Fidèle à sa volonté de réconcilier les peuples et les cultures, l’Orchestre métropolitain avait choisi Mamachimowin du compositeur autochtone Andrew Balfour pour ouvrir sa saison, aux côtés de la Symphonie no 9 et le Te Deum d’Anton Bruckner.
En préambule, Yannick Nézet-Séguin a expliqué au public venu nombreux à la Maison symphonique qu’il souhaitait faire de cet événement une grand-messe musicale, faisant preuve d’une dévotion qui n’avait d’égale que la ferveur des wagnéristes d’autrefois. Il faut dire que Bruckner lui-même avait pour Wagner une admiration sans borne.
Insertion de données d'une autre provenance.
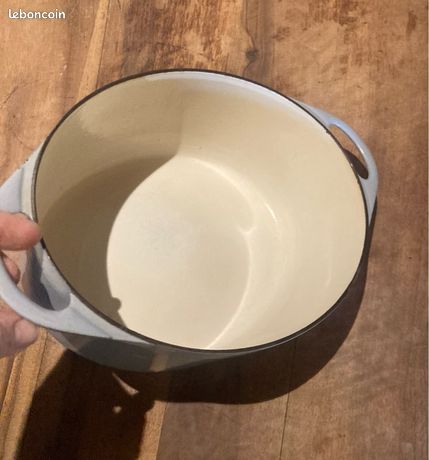 Le Creuset - Cocotte ronde en fonte émaillée 26 cm/5.3L - Quincaillerie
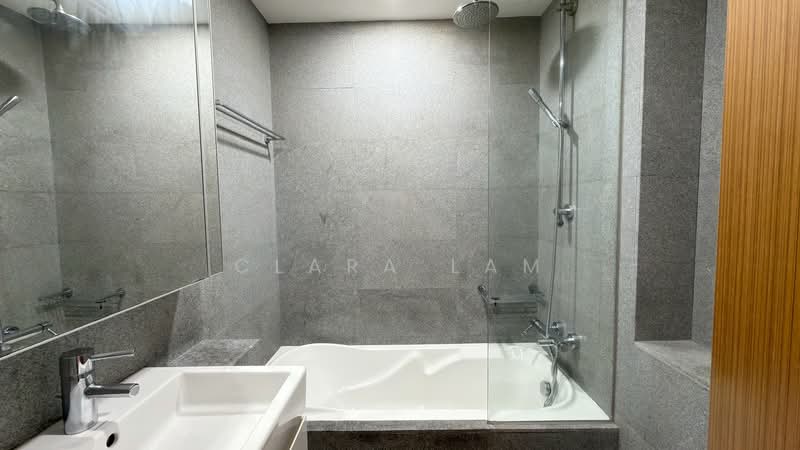 Paterson Linc Condominium For Sale at S$ 2,380,000 | PropertyGuru Singapore - Bathroom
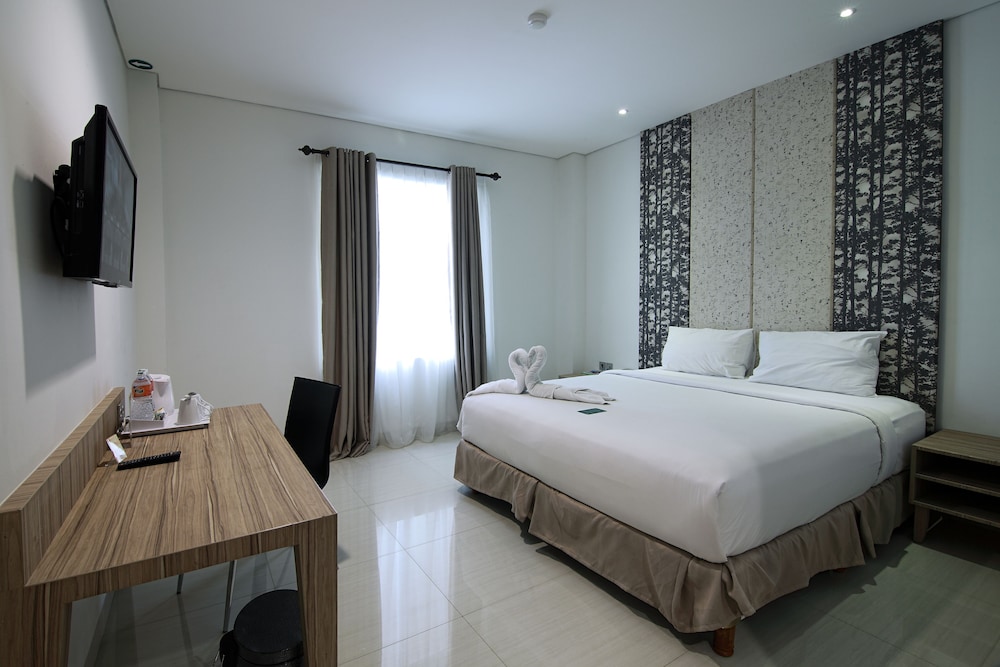 Smart, Grand, King Bed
Surtout pas d’applaudissements. Yannick Nézet-Séguin a enjoint le public de contenir son enthousiasme et d’attendre que la Symphonie no 9 soit complétée par le Te Deum, selon les dernières volontés du compositeur.
Néanmoins, tout ce qu’a écrit Bruckner n’est pas de l’ordre de la vérité révélée. Son ultime symphonie, bien que dédiée « au bon Dieu », ne revêt pas un caractère particulièrement divin. La densité orchestrale évoque plutôt les passions wagnériennes. De la même façon, le Te Deum comme quatrième et dernier mouvement n’est pas nécessairement une trouvaille si l’on considère de plus près leurs différences stylistiques.
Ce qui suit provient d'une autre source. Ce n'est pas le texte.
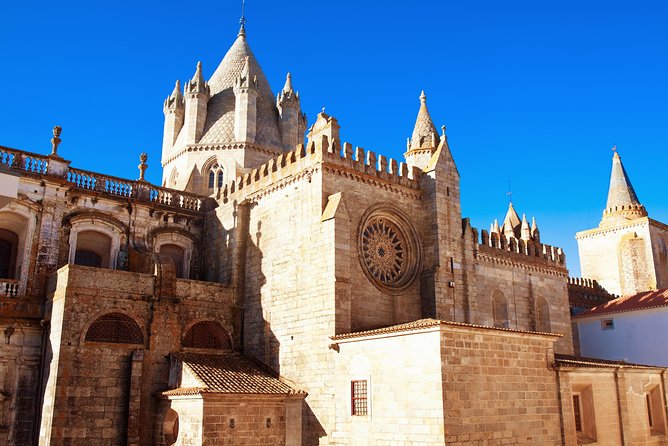 4-Day South Portugal Tour from Lisbon: Lagos, Algarve Coast, Sagres, Évora, Beja and Setúbal - Day 4 Setúbal, Arrábida viewpoints, and José Maria da Fonseca wine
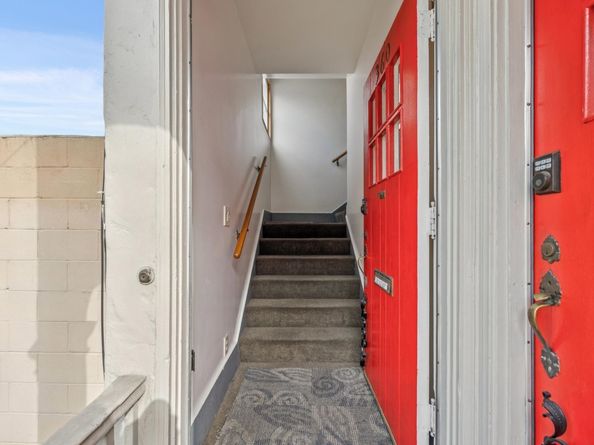 356-360 24Th St, Oakland CA 94612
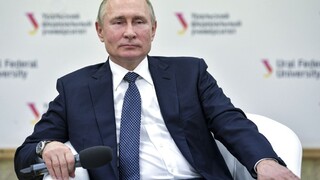 Putin je ochotný rokovať so Zelenským ohľadom vojny v Donbase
Mamachimowin est une œuvre dont le caractère sacré, lui, ne fait aucun doute. Les notes tenues entre les divers pupitres du chœur provoquent, peu à peu, des frictions harmoniques, des dissonances savoureuses, qui contribuent au plaisir qu’on a de l’écouter et de la réécouter. On peut seulement regretter, à ce concert, que le chœur n’ait pas été assez fourni, notamment en voix de femmes, pour faire entendre tous ces frottements.
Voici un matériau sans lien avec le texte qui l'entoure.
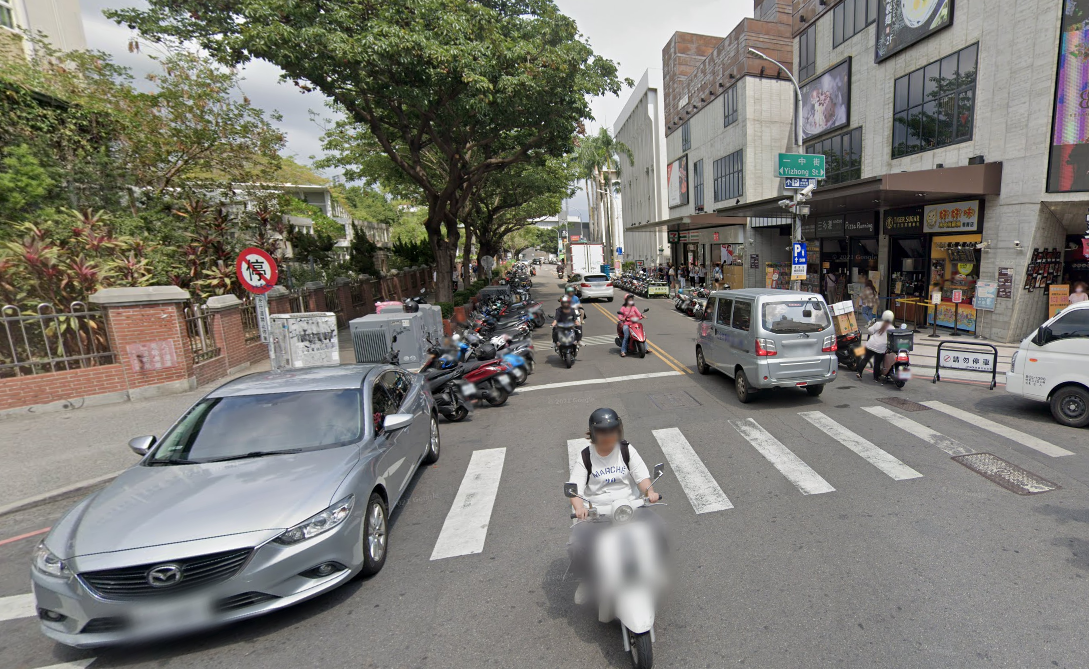 台中一位醫師名下有91間房，緊鄰一中商圈及學區，出租給員工及學生，但短漏報租賃所得，遭補稅212萬餘元，示意圖。（翻攝google街景）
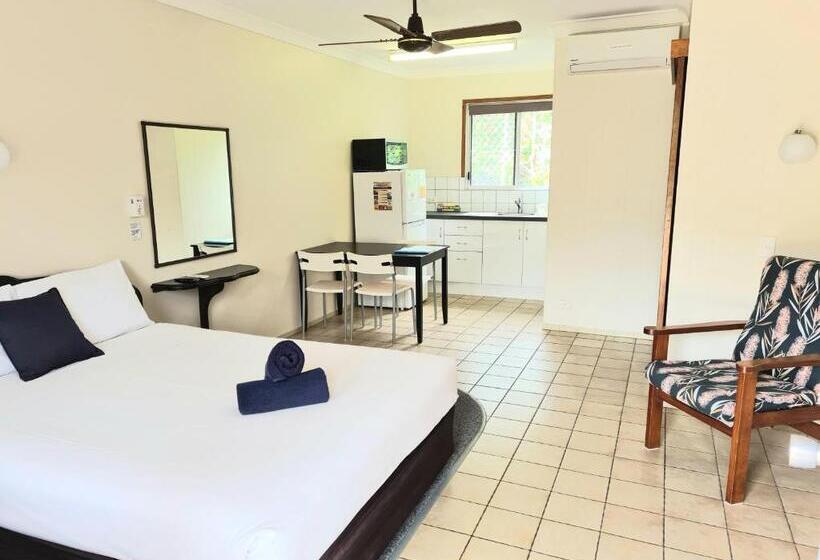 استودیوی استاندارد, Paradise Court Holiday Units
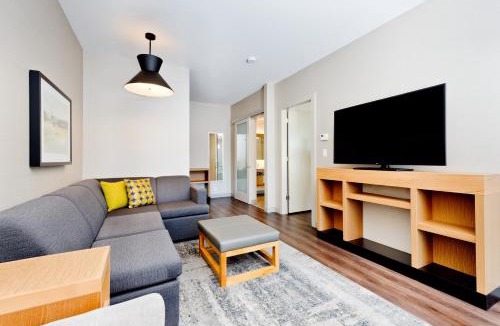 Dilworth Mountain Estates Hotel | Hyatt Place Kelowna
Yannick Nézet-Séguin a enchaîné d’un même souffle la Symphonie no 9 de Bruckner, s’appuyant judicieusement sur la présence du ré dans l’accord pour en faire une note pivot. Il a su exploiter l’acoustique de la salle à son plein potentiel en laissant le son de l’orchestre se propager lorsque la partition le permettait. D’évidence, la volonté du chef était d’amplifier les lignes mélodiques pour mieux les rétrécir en volume et ainsi donner beaucoup de relief à la musique. Certains traits musicaux sont nettement ressortis chez les trompettes, malgré une partition des cuivres très dense, ce qui est encore à mettre au crédit du chef. En comparaison, les violons 1 ont eu parfois de la peine à se faire entendre, moins mordants qu’à l’habitude dans des passages piano, mais offrant tout de même un son parfaitement unifié.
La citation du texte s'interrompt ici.